The inmate will sit restrained in a metal chair in the corner of a room shared by the state's electric chair, "which can't be moved," the department said in its firing squad protocols provided to Paste BN.

There will be three members to the firing squad team − voluntary corrections staff − and all will stand behind a wall with loaded rifles 15 feet from the inmate. The wall will have an opening that that won't be visible from the witness room."The inmate will be strapped into the chair, and a hood will be placed over his head," the department said. "A small aim point will be placed over his heart by a member of the execution team. After the warden reads the execution order, the team will fire. After the shots, a doctor will examine the inmate. After the inmate is declared dead, the curtain will be drawn and witnesses escorted out."

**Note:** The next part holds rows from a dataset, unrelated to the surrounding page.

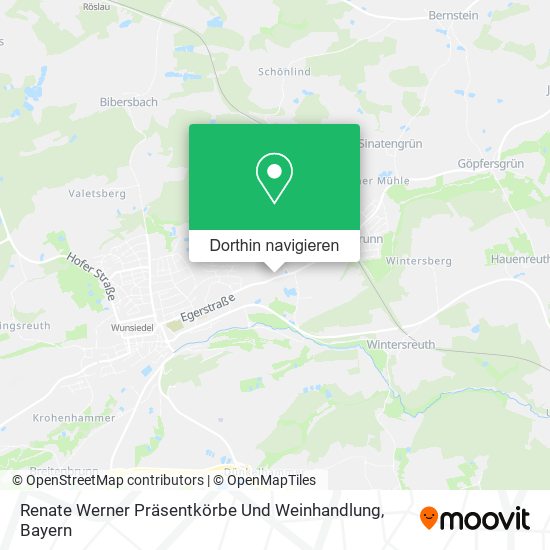 Renate Werner Präsentkörbe Und Weinhandlung Karte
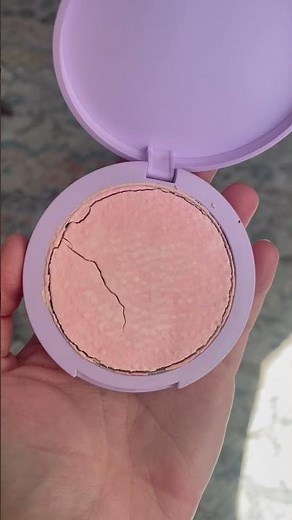 Makeup Surgery FAIL 🫠 Do NOT Repress the Tower 28 GetSet Powder #projectpan #underconsumption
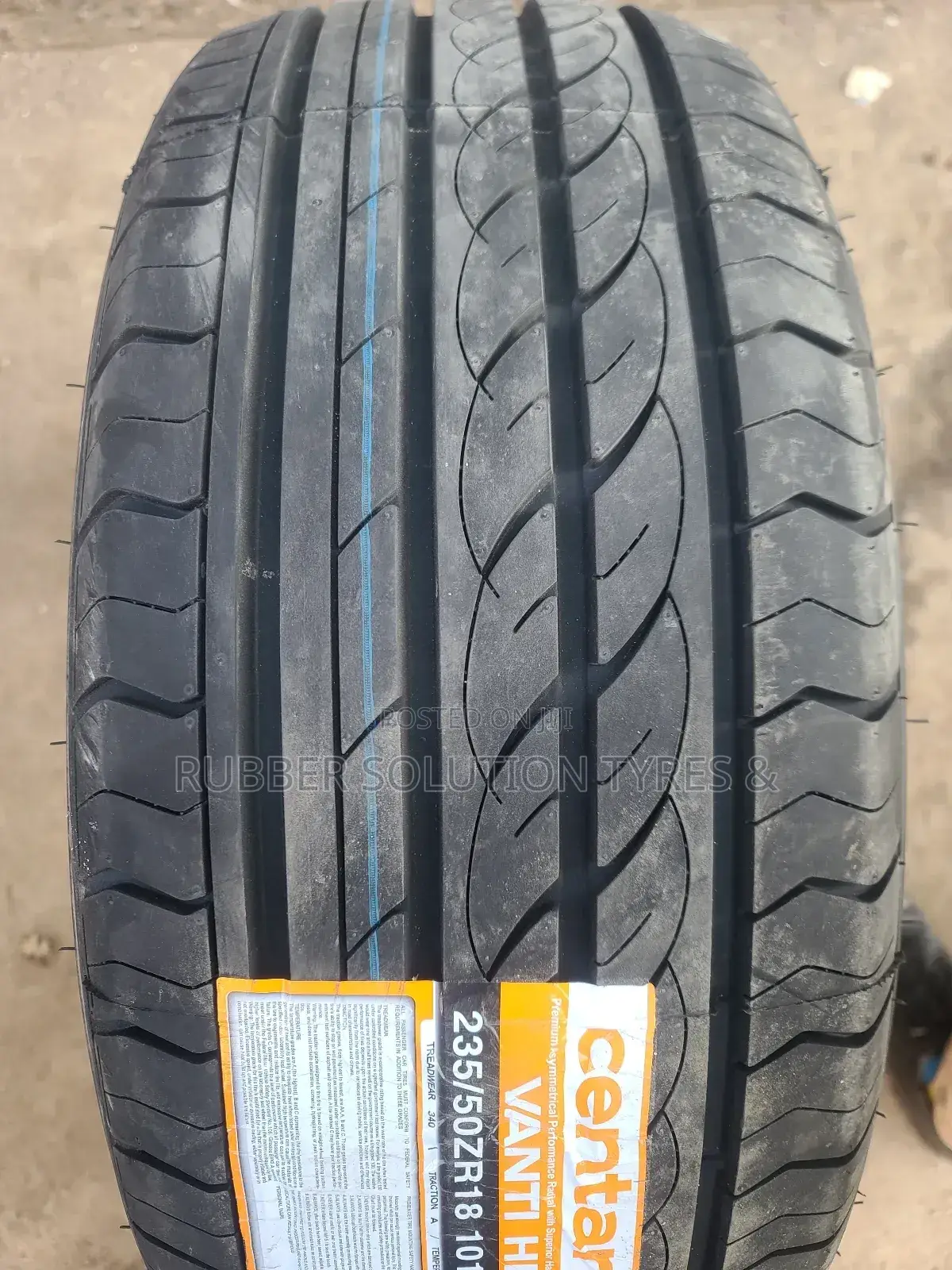 235/50r18 Centara Tires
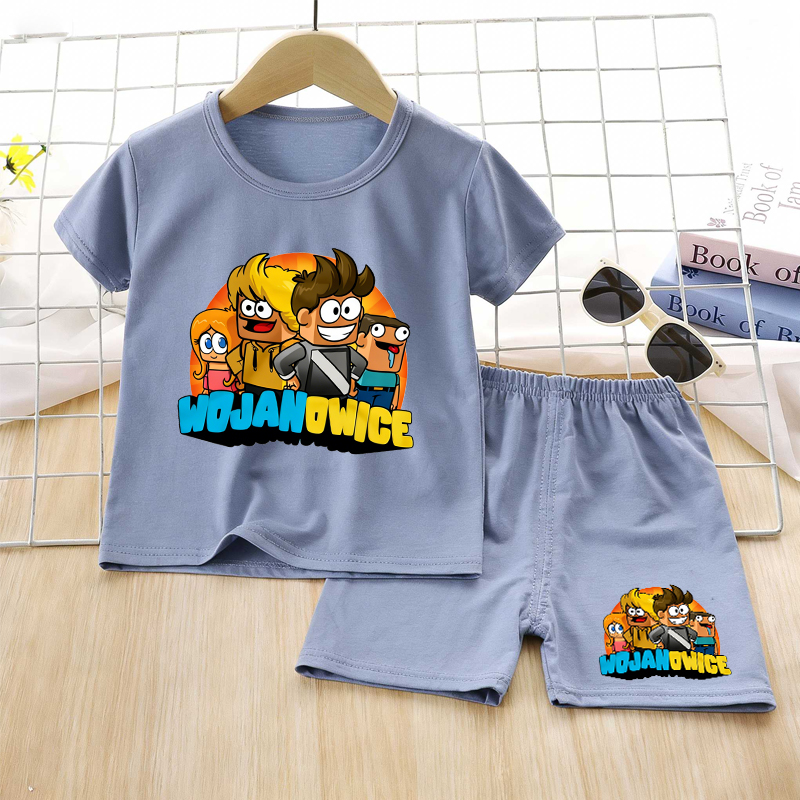 Wojan Team Summer Children Paj - огляд і ціна Summer Clothing Kids Boys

Witnesses to the execution, which typically involve family members of both the inmate and victim, members of the news media, attorneys and prison staff, "will see the right-side profile of the inmate."

The department said that bullet-resistant glass has been installed between the death chamber and the witness room.

The modern history of firing squad executions in the US

As lethal injection drugs have become harder to obtain, states with the death penalty have looked to expand their methods to more controversial options like firing squads and nitrogen gas, which was first used in the U.S. in January 2024 in Alabama with the execution of Kenneth Eugene Smith. Three other inmates in Alabama have been executed by nitrogen gas since, Louisiana is about to execute its first inmate using the method this month, and Arkansas is now considering adopting it.

Five states − South Carolina Mississippi, Utah, Oklahoma and Idaho  − have legalized firing squads as an execution method, most recently Idaho in 2023.

The last inmate in the U.S. to be killed by firing squad was in 2010, when Utah executed Ronnie Lee Gardner for killing a man during a robbery. Both other firing squad executions were in Utah, Gary Mark Gilmore in 1977 and John Albert Taylor in 1996.

Among the witnesses to Gardner’s execution was an Associated Press reporter who said that five volunteer prison staff members fired at him from about 25 feet away with .30-caliber rifles, aiming at a target pinned over his chest as he sat in a chair. One of the rifles had a blank so none of the volunteers knew whether they fired a fatal bullet, AP reported.

Gardner was pronounced dead two minutes after the shots rang out, faster than both lethal injection or nitrogen gas.

King, Sigmon's attorney, said in a statement that "there is no justice" with Friday's execution.

"Everything about this barbaric, state-sanctioned atrocity − from the choice to the method itself − is abjectly cruel," he said. "We should not just be horrified – we should be furious.”